▼

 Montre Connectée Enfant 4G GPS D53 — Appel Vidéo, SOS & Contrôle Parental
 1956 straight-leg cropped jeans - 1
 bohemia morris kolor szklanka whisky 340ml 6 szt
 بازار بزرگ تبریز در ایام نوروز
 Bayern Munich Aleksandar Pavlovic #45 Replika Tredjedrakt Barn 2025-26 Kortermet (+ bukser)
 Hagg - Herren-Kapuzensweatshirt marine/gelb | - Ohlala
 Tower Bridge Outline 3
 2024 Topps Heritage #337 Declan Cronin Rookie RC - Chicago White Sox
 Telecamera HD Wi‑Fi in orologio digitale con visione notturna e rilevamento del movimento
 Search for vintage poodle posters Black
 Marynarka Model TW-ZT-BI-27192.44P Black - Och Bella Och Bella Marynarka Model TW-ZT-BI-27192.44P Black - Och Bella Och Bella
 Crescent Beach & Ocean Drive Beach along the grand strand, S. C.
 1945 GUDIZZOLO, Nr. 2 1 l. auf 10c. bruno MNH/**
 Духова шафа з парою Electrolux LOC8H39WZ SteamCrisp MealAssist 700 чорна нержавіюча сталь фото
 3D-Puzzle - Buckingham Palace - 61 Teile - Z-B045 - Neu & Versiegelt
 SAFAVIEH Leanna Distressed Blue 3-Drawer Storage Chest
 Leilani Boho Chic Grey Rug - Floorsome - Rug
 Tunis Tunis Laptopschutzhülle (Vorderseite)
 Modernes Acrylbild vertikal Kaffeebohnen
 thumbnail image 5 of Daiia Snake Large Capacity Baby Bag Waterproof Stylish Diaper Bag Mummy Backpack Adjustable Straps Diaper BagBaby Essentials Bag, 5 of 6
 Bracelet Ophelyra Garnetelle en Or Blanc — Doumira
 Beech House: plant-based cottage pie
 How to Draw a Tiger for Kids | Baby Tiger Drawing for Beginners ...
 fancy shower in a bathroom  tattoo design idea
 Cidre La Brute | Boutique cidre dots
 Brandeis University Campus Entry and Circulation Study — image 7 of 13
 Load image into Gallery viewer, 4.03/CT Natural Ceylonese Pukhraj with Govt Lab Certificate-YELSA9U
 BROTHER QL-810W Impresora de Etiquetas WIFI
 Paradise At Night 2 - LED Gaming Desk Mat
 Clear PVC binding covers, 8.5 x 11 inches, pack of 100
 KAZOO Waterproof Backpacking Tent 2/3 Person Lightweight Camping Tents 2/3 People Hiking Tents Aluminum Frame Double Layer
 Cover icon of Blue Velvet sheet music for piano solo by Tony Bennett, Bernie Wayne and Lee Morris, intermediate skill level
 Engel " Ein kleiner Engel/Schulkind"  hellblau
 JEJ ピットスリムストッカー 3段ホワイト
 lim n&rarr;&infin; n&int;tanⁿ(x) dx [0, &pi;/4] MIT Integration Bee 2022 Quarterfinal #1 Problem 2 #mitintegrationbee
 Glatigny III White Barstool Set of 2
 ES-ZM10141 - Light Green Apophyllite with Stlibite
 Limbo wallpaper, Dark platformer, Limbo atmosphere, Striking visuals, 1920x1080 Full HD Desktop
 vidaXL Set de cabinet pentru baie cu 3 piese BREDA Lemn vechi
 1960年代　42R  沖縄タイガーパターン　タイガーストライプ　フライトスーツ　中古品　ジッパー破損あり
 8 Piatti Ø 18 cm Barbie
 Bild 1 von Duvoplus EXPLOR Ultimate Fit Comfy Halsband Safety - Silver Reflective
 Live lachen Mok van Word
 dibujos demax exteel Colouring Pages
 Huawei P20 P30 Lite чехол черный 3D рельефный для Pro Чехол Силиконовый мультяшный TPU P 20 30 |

▲

What is needed:
Using the material above, print every entry exactly as written.

Written reply:
 Montre Connectée Enfant 4G GPS D53 — Appel Vidéo, SOS & Contrôle Parental
 1956 straight-leg cropped jeans - 1
 bohemia morris kolor szklanka whisky 340ml 6 szt
 بازار بزرگ تبریز در ایام نوروز
 Bayern Munich Aleksandar Pavlovic #45 Replika Tredjedrakt Barn 2025-26 Kortermet (+ bukser)
 Hagg - Herren-Kapuzensweatshirt marine/gelb | - Ohlala
 Tower Bridge Outline 3
 2024 Topps Heritage #337 Declan Cronin Rookie RC - Chicago White Sox
 Telecamera HD Wi‑Fi in orologio digitale con visione notturna e rilevamento del movimento
 Search for vintage poodle posters Black
 Marynarka Model TW-ZT-BI-27192.44P Black - Och Bella Och Bella Marynarka Model TW-ZT-BI-27192.44P Black - Och Bella Och Bella
 Crescent Beach & Ocean Drive Beach along the grand strand, S. C.
 1945 GUDIZZOLO, Nr. 2 1 l. auf 10c. bruno MNH/**
 Духова шафа з парою Electrolux LOC8H39WZ SteamCrisp MealAssist 700 чорна нержавіюча сталь фото
 3D-Puzzle - Buckingham Palace - 61 Teile - Z-B045 - Neu & Versiegelt
 SAFAVIEH Leanna Distressed Blue 3-Drawer Storage Chest
 Leilani Boho Chic Grey Rug - Floorsome - Rug
 Tunis Tunis Laptopschutzhülle (Vorderseite)
 Modernes Acrylbild vertikal Kaffeebohnen
 thumbnail image 5 of Daiia Snake Large Capacity Baby Bag Waterproof Stylish Diaper Bag Mummy Backpack Adjustable Straps Diaper BagBaby Essentials Bag, 5 of 6
 Bracelet Ophelyra Garnetelle en Or Blanc — Doumira
 Beech House: plant-based cottage pie
 How to Draw a Tiger for Kids | Baby Tiger Drawing for Beginners ...
 fancy shower in a bathroom  tattoo design idea
 Cidre La Brute | Boutique cidre dots
 Brandeis University Campus Entry and Circulation Study — image 7 of 13
 Load image into Gallery viewer, 4.03/CT Natural Ceylonese Pukhraj with Govt Lab Certificate-YELSA9U
 BROTHER QL-810W Impresora de Etiquetas WIFI
 Paradise At Night 2 - LED Gaming Desk Mat
 Clear PVC binding covers, 8.5 x 11 inches, pack of 100
 KAZOO Waterproof Backpacking Tent 2/3 Person Lightweight Camping Tents 2/3 People Hiking Tents Aluminum Frame Double Layer
 Cover icon of Blue Velvet sheet music for piano solo by Tony Bennett, Bernie Wayne and Lee Morris, intermediate skill level
 Engel " Ein kleiner Engel/Schulkind"  hellblau
 JEJ ピットスリムストッカー 3段ホワイト
 lim n&rarr;&infin; n&int;tanⁿ(x) dx [0, &pi;/4] MIT Integration Bee 2022 Quarterfinal #1 Problem 2 #mitintegrationbee
 Glatigny III White Barstool Set of 2
 ES-ZM10141 - Light Green Apophyllite with Stlibite
 Limbo wallpaper, Dark platformer, Limbo atmosphere, Striking visuals, 1920x1080 Full HD Desktop
 vidaXL Set de cabinet pentru baie cu 3 piese BREDA Lemn vechi
 1960年代　42R  沖縄タイガーパターン　タイガーストライプ　フライトスーツ　中古品　ジッパー破損あり
 8 Piatti Ø 18 cm Barbie
 Bild 1 von Duvoplus EXPLOR Ultimate Fit Comfy Halsband Safety - Silver Reflective
 Live lachen Mok van Word
 dibujos demax exteel Colouring Pages
 Huawei P20 P30 Lite чехол черный 3D рельефный для Pro Чехол Силиконовый мультяшный TPU P 20 30 |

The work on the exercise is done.